For those passengers on the Asiana flight that crashed in San Francisco who purchased their tickets in the U.S., they'll have access to the U.S. judicial system, says aviation attorney Michael Dworkin. It becomes somewhat questionable, however, when you have a foreign national or someone living overseas who purchases their transportation outside of the U.S., he adds, lending to one of the many legal complexities likely to ensue as a result of the crash.
Due to the fact, however, that this involves a U.S.-manufactured aircraft and engines and that the crash took place at a U.S. airport, it will be subject to U.S. jurisdiction. Any personal injury lawyer who represents the injured parties would have no problem sustaining U.S. jurisdiction, says Dworkin, adding that in these types of lawsuits, plaintiff's lawyers are pretty savvy and they're probably not going to confine any legal action to the carrier but rather "spray" all the potential defendants. In these cases, they not only look at the carrier but also the myriad of component manufacturers both in the U.S. and overseas.

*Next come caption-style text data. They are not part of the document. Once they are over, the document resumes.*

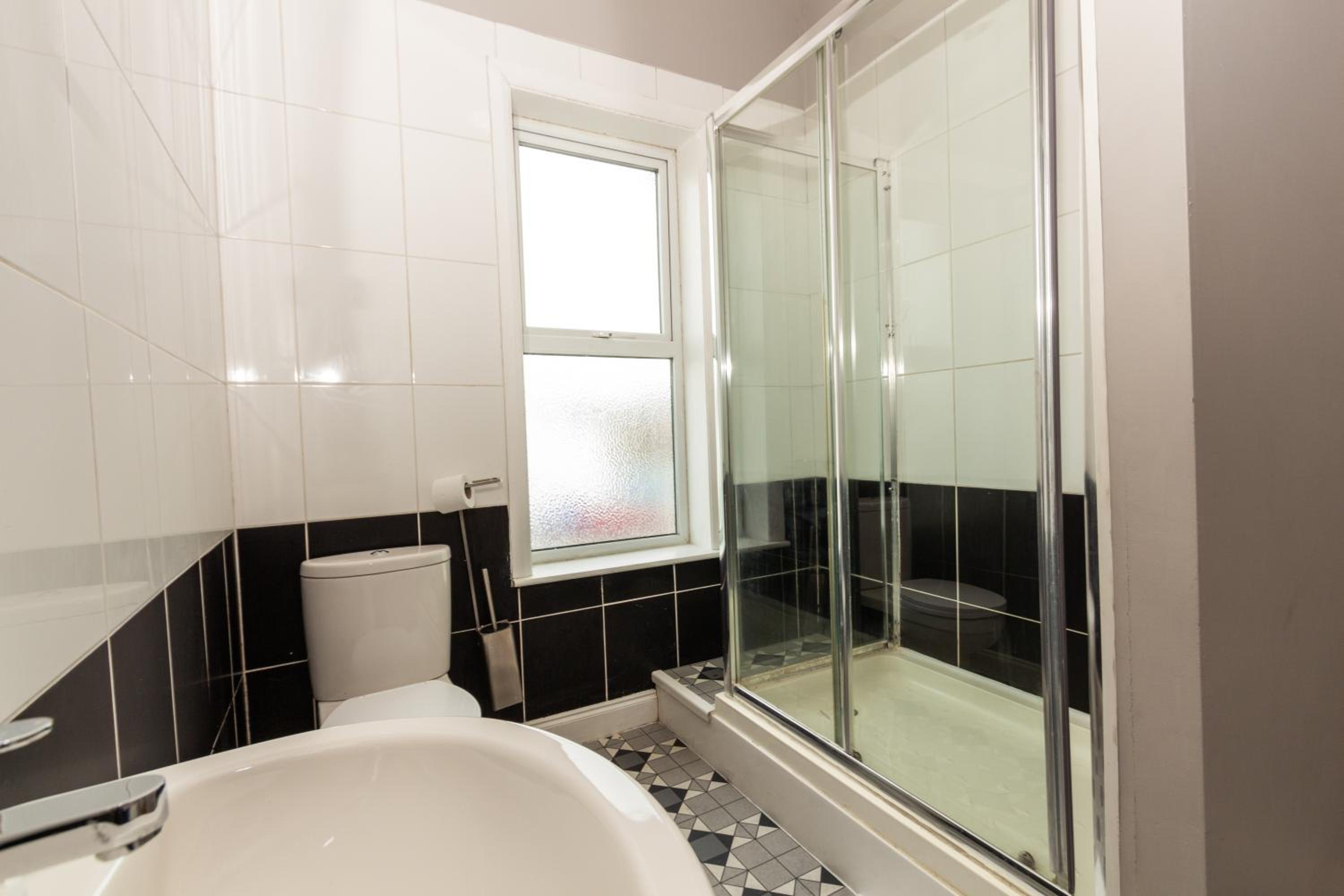 Chic Suite 4 - Private Top Floor Room view 4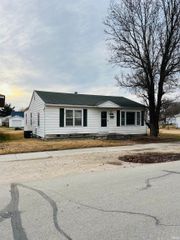 1323 Parkinson Street, Vincennes, IN 47591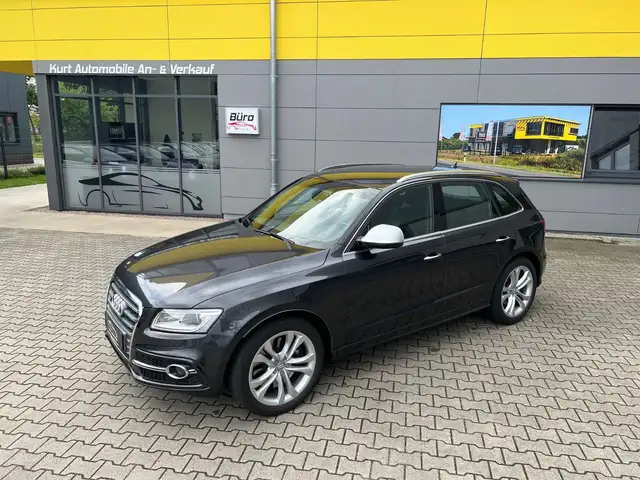 Audi SQ5 3.0 TDI/QUATTRO/AHK/AUTOMATIK/NAVI/BIXENON/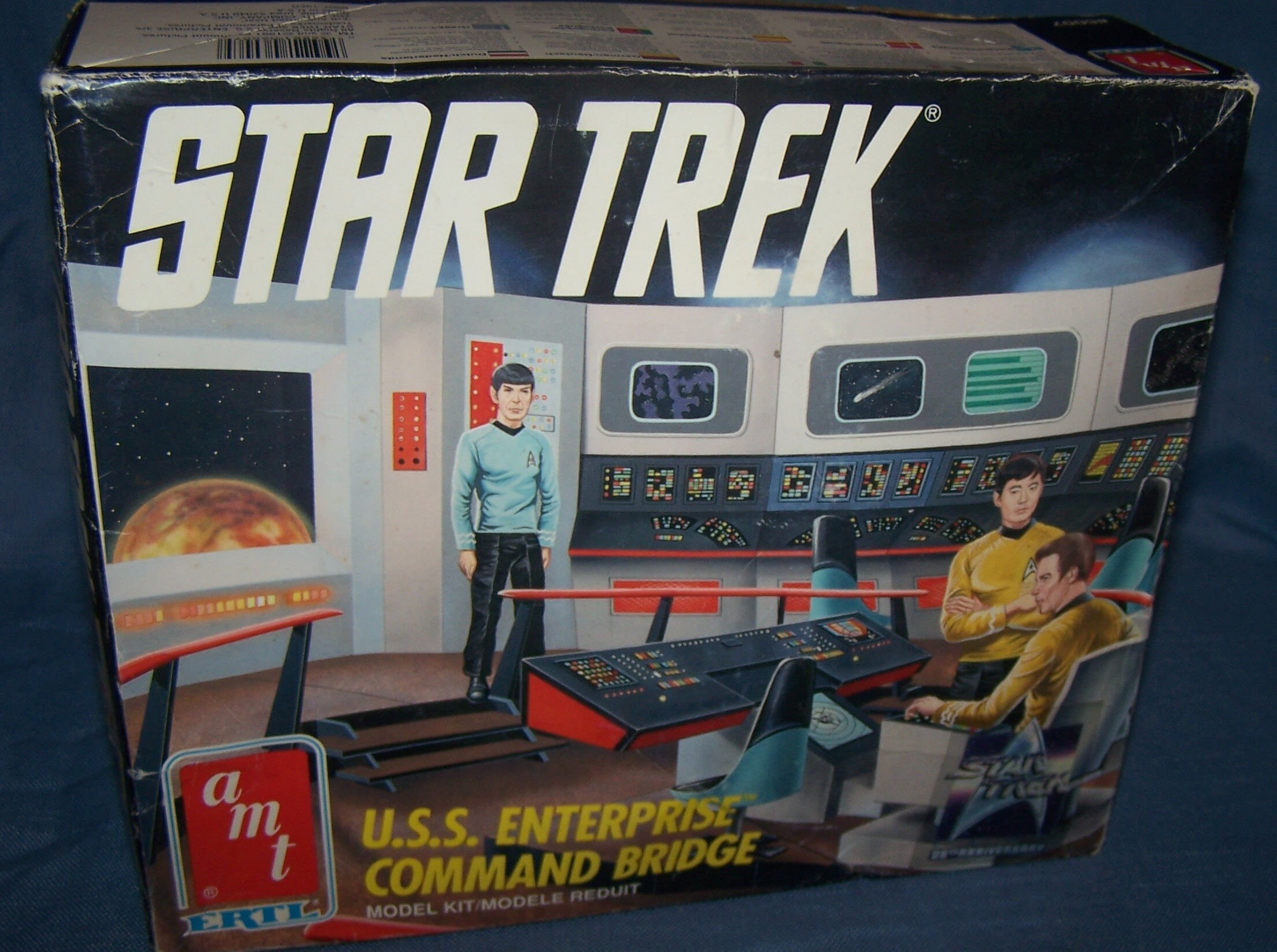 Vintage - AMT Ertl Star Trek Model Kit - U.S.S. Enterprise Command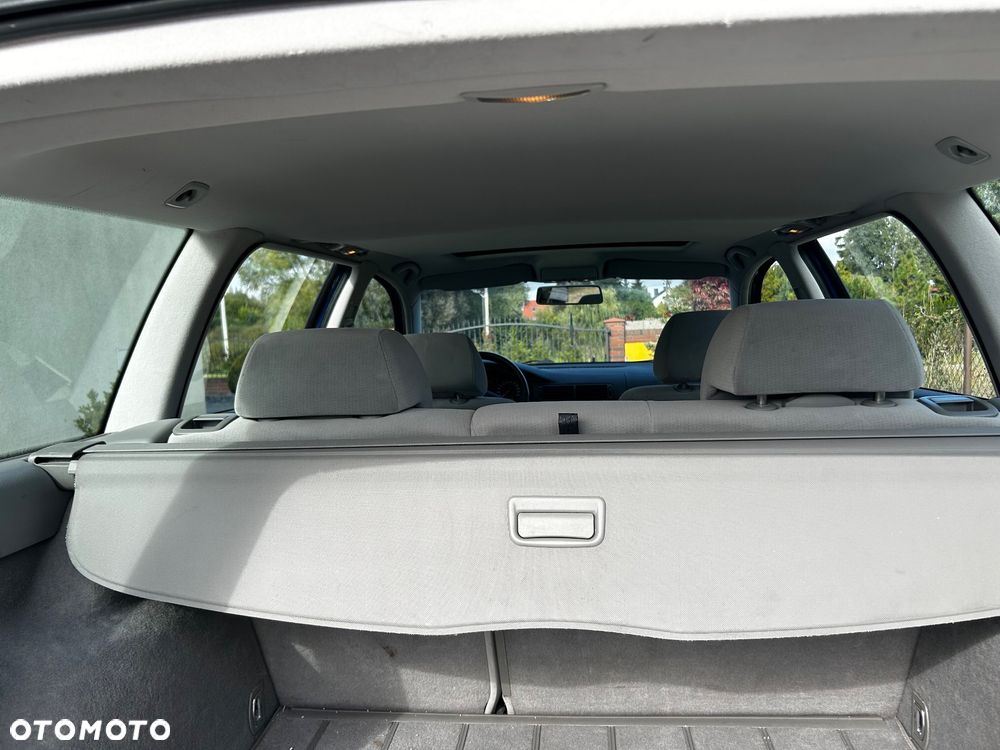 Volkswagen Passat - 13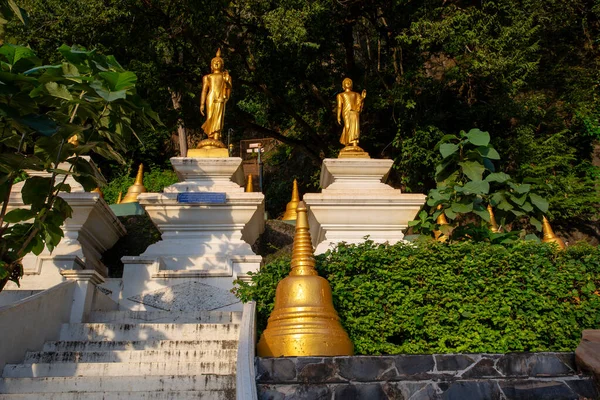 Der Tempel Der Tigerhöhle Oder Wat Tham Suea Ist Ein — Stockfoto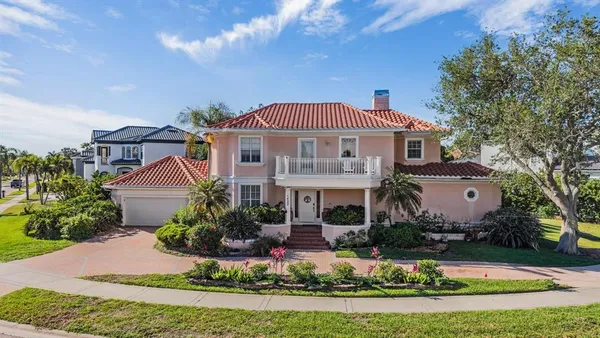 $998,000 | 1422 Jumana Loop, Apollo Beach, FL 33572
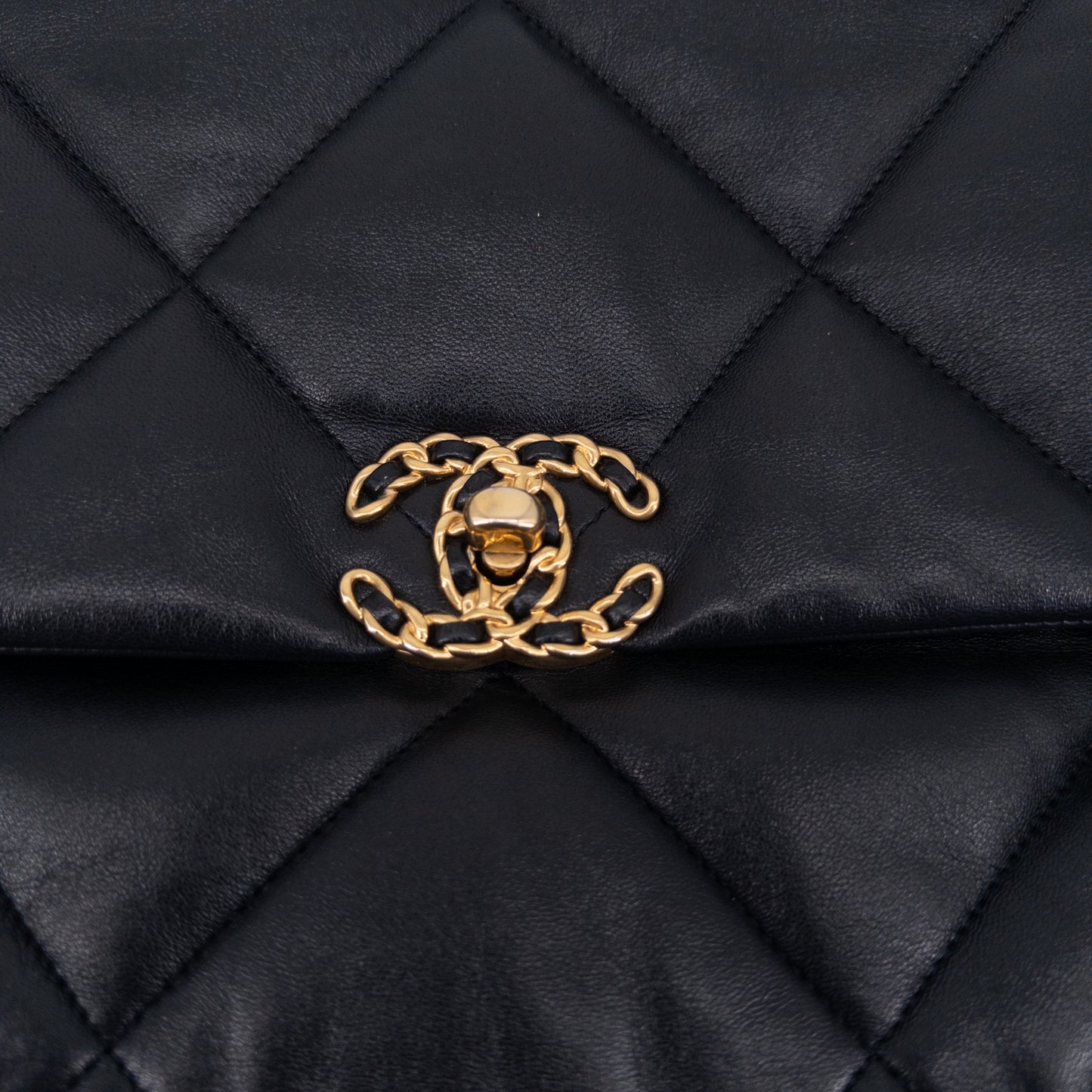 Chanel Chanel 19 Shoulder Bag – Quilted Leather – Black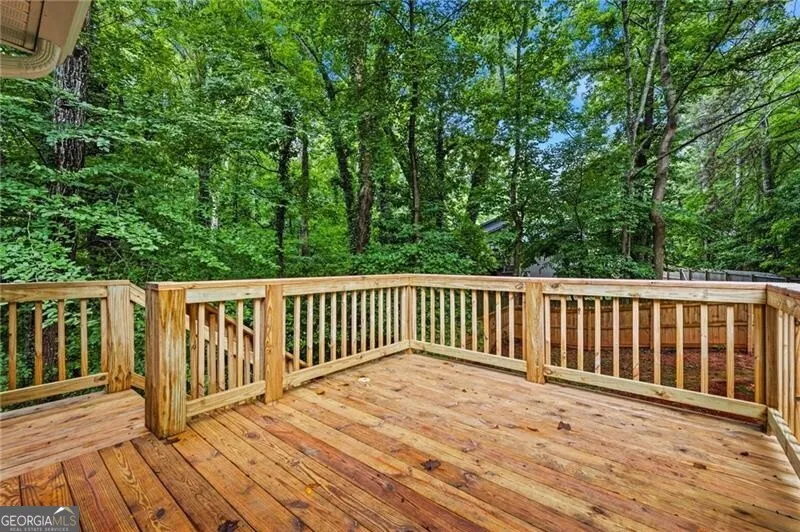 1172 Ridgeside DR NW Acworth, GA 30102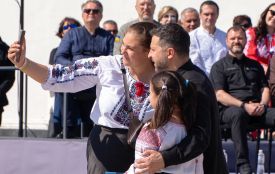 Президент вручив відзнаку «Майбутнє України» дев’ятирічній вінничанці, яка врятувала братів із пожежі
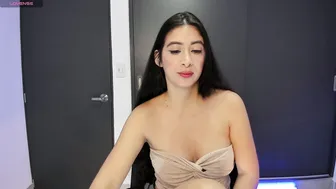Aandreamartinez1 chat porn - 10-26-2025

The Montreal Convention treaty imposes a limitation of liability on the part of air carriers for accidents. This would be applicable in this instance but the treaty only works to the benefit of air carriers and doesn't apply to claims or actions against manufacturers or other entities, says Dworkin.
Dworkin says this process will take a long time, as there is a "constellation of hundreds of variables that the NTSB needs to sift through."